Composed of Cambodian, Chinese, Filipino, Hmong, Japanese, Korean, Laotian and Vietnamese Baptist leaders, the council identified unique challenges to each language and cultural group and discussed challenges in reaching their communities with the gospel.

The top strategy identified by each group in their oral and written reports was the pressing need to plant hundreds of churches in the population centers across the United States and around the world. The number of foreign-born Asians who live in the United States is staggering, and the majority of them have no awareness of the gospel, members said.
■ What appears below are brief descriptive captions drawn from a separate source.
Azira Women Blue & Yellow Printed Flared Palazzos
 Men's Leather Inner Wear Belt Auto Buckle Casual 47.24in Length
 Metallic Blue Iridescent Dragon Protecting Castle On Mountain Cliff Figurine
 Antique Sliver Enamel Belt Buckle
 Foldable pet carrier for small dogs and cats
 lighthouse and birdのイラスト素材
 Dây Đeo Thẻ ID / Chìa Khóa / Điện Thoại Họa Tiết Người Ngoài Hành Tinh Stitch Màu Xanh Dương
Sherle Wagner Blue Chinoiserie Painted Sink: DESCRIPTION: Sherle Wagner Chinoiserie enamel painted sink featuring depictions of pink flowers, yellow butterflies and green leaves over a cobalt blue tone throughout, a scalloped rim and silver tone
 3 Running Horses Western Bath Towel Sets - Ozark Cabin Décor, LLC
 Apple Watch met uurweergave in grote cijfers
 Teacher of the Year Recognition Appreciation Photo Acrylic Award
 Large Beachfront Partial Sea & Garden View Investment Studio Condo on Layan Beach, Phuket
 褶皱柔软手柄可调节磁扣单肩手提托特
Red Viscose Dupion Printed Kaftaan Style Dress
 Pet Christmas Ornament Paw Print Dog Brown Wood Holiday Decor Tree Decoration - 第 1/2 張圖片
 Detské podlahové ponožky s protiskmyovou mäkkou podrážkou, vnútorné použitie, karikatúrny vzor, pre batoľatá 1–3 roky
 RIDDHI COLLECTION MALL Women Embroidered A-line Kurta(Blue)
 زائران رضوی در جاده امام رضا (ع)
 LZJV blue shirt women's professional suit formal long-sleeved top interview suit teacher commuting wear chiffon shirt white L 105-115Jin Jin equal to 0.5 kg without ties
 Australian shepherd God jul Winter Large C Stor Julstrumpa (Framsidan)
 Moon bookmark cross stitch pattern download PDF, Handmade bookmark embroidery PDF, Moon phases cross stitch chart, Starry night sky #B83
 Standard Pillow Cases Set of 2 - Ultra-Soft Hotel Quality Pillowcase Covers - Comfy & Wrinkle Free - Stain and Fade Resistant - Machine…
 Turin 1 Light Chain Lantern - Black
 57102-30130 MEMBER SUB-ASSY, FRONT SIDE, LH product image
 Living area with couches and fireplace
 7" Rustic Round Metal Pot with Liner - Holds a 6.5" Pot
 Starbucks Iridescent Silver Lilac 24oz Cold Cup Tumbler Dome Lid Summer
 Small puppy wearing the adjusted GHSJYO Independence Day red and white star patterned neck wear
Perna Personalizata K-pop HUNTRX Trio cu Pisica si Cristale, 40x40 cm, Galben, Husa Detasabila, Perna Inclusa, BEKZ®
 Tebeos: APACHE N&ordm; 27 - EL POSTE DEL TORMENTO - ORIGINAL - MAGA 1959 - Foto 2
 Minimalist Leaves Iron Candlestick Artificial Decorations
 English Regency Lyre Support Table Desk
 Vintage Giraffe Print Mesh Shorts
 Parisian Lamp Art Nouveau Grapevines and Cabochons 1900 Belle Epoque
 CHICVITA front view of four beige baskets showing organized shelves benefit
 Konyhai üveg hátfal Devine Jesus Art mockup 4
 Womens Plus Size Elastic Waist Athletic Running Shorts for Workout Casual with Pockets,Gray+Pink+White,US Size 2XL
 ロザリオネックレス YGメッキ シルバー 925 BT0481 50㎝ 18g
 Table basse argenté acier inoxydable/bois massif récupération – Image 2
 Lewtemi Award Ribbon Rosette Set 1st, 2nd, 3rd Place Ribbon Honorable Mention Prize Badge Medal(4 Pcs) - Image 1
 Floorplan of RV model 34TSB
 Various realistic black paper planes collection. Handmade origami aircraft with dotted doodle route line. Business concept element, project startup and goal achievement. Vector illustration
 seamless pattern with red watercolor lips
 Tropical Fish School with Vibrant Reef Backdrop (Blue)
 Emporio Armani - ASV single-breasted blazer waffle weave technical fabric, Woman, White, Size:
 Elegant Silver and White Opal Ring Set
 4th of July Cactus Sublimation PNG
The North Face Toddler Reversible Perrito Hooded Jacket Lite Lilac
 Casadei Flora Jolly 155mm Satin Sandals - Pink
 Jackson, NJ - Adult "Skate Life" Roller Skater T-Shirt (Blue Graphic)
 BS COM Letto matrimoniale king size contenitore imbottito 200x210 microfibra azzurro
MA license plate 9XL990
Paul Kim, pastor emeritus of Antioch Baptist Church in Cambridge, Mass., and chairman of the council, guided the often-frank discussion about challenges faced by local churches in dealing with the “Americanization” of their young people; the perceived irrelevancy of denominational structures to second and third-generation church members – structures one member called “too white, too old, too traditional”; feelings of isolation at the association and state convention levels of involvement; and concerns about how seriously their unique needs are recognized and served by SBC entities.

Dennis Manpoong Kim, pastor of Global Mission Church in Silver Spring, Md., noted that Korean children who arrive in the U.S. during their elementary school-age years don’t fit into neat categories such as “first generation” or “second generation” immigrants.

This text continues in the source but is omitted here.